As taxpaying residents, we opposed Measure G, which essentially put a tax on all Glendale properties for the benefit of Glendale Community College, where many students aren’t even local residents.
Oh, how they drive over from Burbank and don’t pay a dime in taxes for the privilege of their Glendale Community College education.
Now comes the Glendale Unified school system proposing another bond and drain on property owners (“Campaigning begins for school bond,” Feb. 7). We do not, and will not support, any more bonds or taxes for the Glendale school system.
Times are tough. We have rental units where we have had to reduce rents to fill a unit. Yet, the property taxes and water and insurance bills continue to go up and up. We say enough of those unwilling to work within their budgets, such as the Glendale school system.

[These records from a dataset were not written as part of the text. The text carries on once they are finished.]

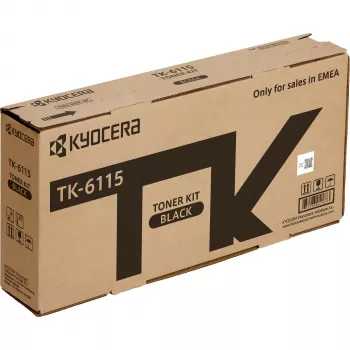 KYOCERA TK-6115 originalus juodas kasetė, 1 vnt.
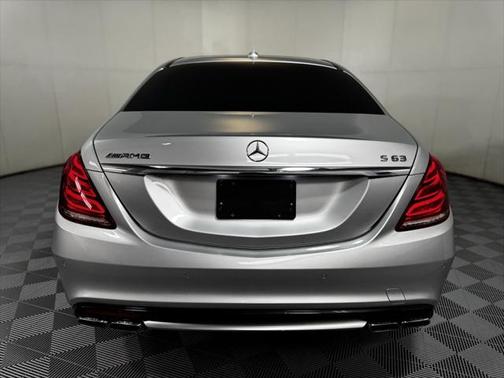 2017 Mercedes-Benz AMG S 63 4MATIC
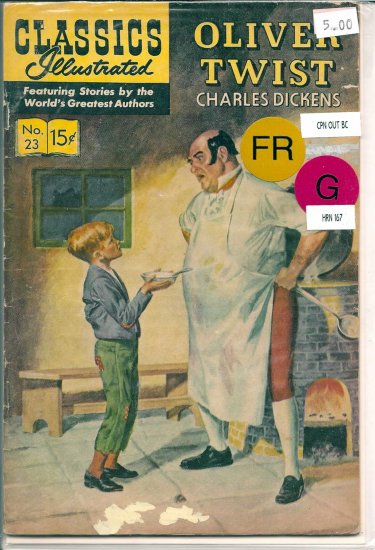 Classics Illustrated # 23, 1.5 FR/GD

The school district should set an example — reduce costs, reduce salaries and reduce our taxes. We want a fiscally responsible school system.
Carole and Jim Weling
Measure S would provide necessary funds
Although I retired from the school district last year, I remain active as a community member to ensure that the education we offer our Glendale Unified students is of the highest quality.
We have an opportunity to secure the future by supporting Measure S on the April 5 ballot. I call on you to join this effort (“Campaigning begins for school bond,” Feb. 7).

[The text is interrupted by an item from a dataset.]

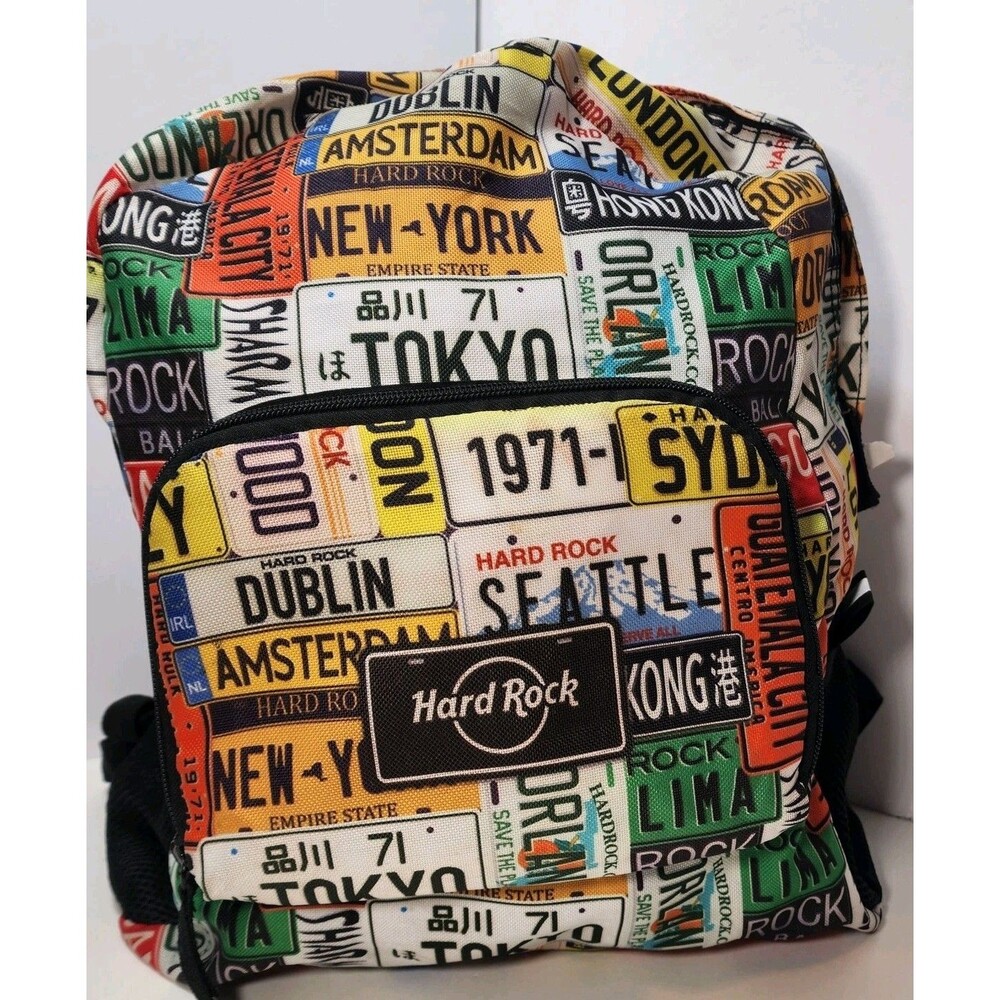 HARD ROCK CAFE Backpack, Bookbag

Measure S will not increase property taxes; instead, the current property tax rate will continue. Measure S will fund needed projects at each of the 30 schools. A Measure S priority is updating classroom computers and technology. If our community is to provide an education that will prepare our students to live and work in the 21st Century, we must update the technology our students use at school.
Thirteen years ago, the community overwhelmingly approved Measure K, which provided the funds for renovation and new construction at our Glendale schools. The work is unfinished. Measure S continues that work.
I urge support of Measure S, an investment in our students — the future of our community.
Editor’s note: Evans is former principal of La Crescenta High School.